The BMW 2002 Turbo

The BMW 2002 Turbo was launched at the 1973 Frankfurt Motor Show to a sea of wide eyes and open mouths. Bayerische Motoren Werke had a well-earned reputation for building executive saloons, albeit executive saloons that were unusually fun to drive, but this new 2002 Turbo was something altogether different.

With its flared wheel arches, front air dam, front bumper delete, rear lip spoiler, and uncharacteristically bold decals on the front, sides and rear, this new Beemer was a race car for the road. Under the hood the BMW M10 SOHC inline-4 engine was fitted with a KKK turbocharger (with a compression ratio of 6.9:1) and Kugelfischer mechanical fuel injection, giving it 170 hp and 180 ft-lbs of torque – 40 hp more than the next most powerful iteration of the 2002 – the Tii.

The 2002 Turbo was the first turbocharged production car from BMW, and it was a handful to drive for those not well versed with turbocharging, which in 1973 was almost everyone on earth. Turbo lag was measured in geological time, but those who learned to master it found they could race and beat almost anything, thanks to the underlying 2002s good handling and light weight.

The one thing the 2002 Turbo couldn’t do was beat the 1973 oil crisis that hit the same year it was introduced. Sales were slow and by the time production ended in 1975 just 1,672 had been built. Today they’re unicorn cars for many, including me, and the values on them seems to not so much climb gradually, but explode upwards.

The Original BMW 2002

The reason for the popularity of the BMW 2002 is simple. It’s a small, lightweight car with an excellent engine, world-class suspension, great steering, and iconic design. Perhaps the single most important feature is that the BMW 2002 is a sports car, with room for 4 adults (5 at a pinch), and some luggage. It fills that almost mythical space between a sports car and a daily driver that many automakers try to make, but usually miss by varying degrees.

The short version of how the 2002 came into being goes like this – BMW already had the 1.6 litre 1602 in their line up. They also had a more powerful 2 litre in production called the M10. The idea of dropping the more powerful engine into the 1602 occurred to at least two people at roughly the same time – Helmut Werner Bönsch and Alex von Falkenhausen, respectively the BMW director of product planning and the designer of the M10 engine.

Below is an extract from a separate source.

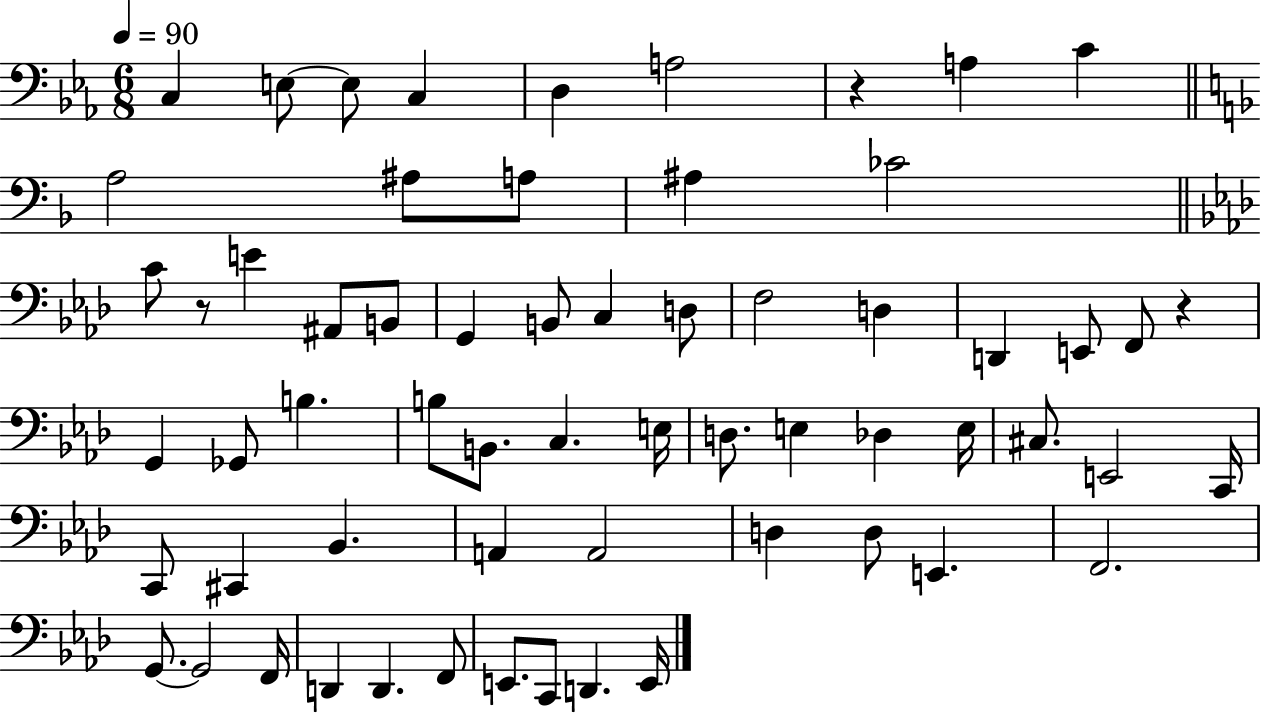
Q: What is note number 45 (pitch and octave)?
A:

Amazingly, Bönsch and Falkenhausen both independently had the M10 engine installed into their 1602s with no idea what the other man was up to.

One day they happened to be getting their cars serviced and realised they’d made the same modification – and Bönsch knew that influential American auto importer Max Hoffman had been requesting a faster 1602 for the US market. Bönsch and Falkenhausen quickly formulated a product proposal, and it was approved by the BMW board unanimously.

Over its production run from January 1968 to June 1975, BMW sold almost 200,000 2002s. And today they’re revered by collectors and racers alike.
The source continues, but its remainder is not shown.